◆ What to do:
Output the records exactly, with no line skipped.

··· Data for this exercise ···

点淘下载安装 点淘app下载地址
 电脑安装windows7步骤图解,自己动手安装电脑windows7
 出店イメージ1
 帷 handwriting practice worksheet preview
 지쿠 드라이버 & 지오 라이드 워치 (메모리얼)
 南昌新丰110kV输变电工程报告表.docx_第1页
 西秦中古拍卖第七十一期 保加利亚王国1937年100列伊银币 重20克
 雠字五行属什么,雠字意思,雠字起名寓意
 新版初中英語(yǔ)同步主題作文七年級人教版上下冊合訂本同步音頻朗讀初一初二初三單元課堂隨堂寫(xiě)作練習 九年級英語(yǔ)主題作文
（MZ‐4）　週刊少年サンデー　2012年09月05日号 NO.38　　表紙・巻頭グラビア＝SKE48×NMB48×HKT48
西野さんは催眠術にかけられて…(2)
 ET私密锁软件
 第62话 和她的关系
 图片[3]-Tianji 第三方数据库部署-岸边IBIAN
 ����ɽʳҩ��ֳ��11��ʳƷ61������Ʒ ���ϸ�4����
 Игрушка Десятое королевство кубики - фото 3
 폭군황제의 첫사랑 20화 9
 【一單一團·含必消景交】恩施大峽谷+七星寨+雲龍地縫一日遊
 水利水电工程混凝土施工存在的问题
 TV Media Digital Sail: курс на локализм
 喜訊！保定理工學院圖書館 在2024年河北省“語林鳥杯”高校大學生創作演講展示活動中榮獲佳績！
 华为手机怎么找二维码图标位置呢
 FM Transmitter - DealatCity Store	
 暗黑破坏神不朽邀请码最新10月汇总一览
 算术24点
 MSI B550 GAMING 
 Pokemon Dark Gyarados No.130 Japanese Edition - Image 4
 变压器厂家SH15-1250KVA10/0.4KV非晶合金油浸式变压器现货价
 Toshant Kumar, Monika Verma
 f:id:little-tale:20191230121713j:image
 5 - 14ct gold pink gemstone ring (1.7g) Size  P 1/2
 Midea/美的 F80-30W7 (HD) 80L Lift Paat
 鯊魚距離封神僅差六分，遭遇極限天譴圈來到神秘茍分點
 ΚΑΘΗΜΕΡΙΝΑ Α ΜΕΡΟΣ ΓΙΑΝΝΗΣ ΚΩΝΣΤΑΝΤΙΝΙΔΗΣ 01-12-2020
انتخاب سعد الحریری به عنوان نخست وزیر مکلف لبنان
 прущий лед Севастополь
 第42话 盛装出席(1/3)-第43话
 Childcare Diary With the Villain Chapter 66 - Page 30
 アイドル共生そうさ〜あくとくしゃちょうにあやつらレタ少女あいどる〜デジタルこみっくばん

···

◆ Finished task:
点淘下载安装 点淘app下载地址
 电脑安装windows7步骤图解,自己动手安装电脑windows7
 出店イメージ1
 帷 handwriting practice worksheet preview
 지쿠 드라이버 & 지오 라이드 워치 (메모리얼)
 南昌新丰110kV输变电工程报告表.docx_第1页
 西秦中古拍卖第七十一期 保加利亚王国1937年100列伊银币 重20克
 雠字五行属什么,雠字意思,雠字起名寓意
 新版初中英語(yǔ)同步主題作文七年級人教版上下冊合訂本同步音頻朗讀初一初二初三單元課堂隨堂寫(xiě)作練習 九年級英語(yǔ)主題作文
（MZ‐4）　週刊少年サンデー　2012年09月05日号 NO.38　　表紙・巻頭グラビア＝SKE48×NMB48×HKT48
西野さんは催眠術にかけられて…(2)
 ET私密锁软件
 第62话 和她的关系
 图片[3]-Tianji 第三方数据库部署-岸边IBIAN
 ����ɽʳҩ��ֳ��11��ʳƷ61������Ʒ ���ϸ�4����
 Игрушка Десятое королевство кубики - фото 3
 폭군황제의 첫사랑 20화 9
 【一單一團·含必消景交】恩施大峽谷+七星寨+雲龍地縫一日遊
 水利水电工程混凝土施工存在的问题
 TV Media Digital Sail: курс на локализм
 喜訊！保定理工學院圖書館 在2024年河北省“語林鳥杯”高校大學生創作演講展示活動中榮獲佳績！
 华为手机怎么找二维码图标位置呢
 FM Transmitter - DealatCity Store	
 暗黑破坏神不朽邀请码最新10月汇总一览
 算术24点
 MSI B550 GAMING 
 Pokemon Dark Gyarados No.130 Japanese Edition - Image 4
 变压器厂家SH15-1250KVA10/0.4KV非晶合金油浸式变压器现货价
 Toshant Kumar, Monika Verma
 f:id:little-tale:20191230121713j:image
 5 - 14ct gold pink gemstone ring (1.7g) Size  P 1/2
 Midea/美的 F80-30W7 (HD) 80L Lift Paat
 鯊魚距離封神僅差六分，遭遇極限天譴圈來到神秘茍分點
 ΚΑΘΗΜΕΡΙΝΑ Α ΜΕΡΟΣ ΓΙΑΝΝΗΣ ΚΩΝΣΤΑΝΤΙΝΙΔΗΣ 01-12-2020
انتخاب سعد الحریری به عنوان نخست وزیر مکلف لبنان
 прущий лед Севастополь
 第42话 盛装出席(1/3)-第43话
 Childcare Diary With the Villain Chapter 66 - Page 30
 アイドル共生そうさ〜あくとくしゃちょうにあやつらレタ少女あいどる〜デジタルこみっくばん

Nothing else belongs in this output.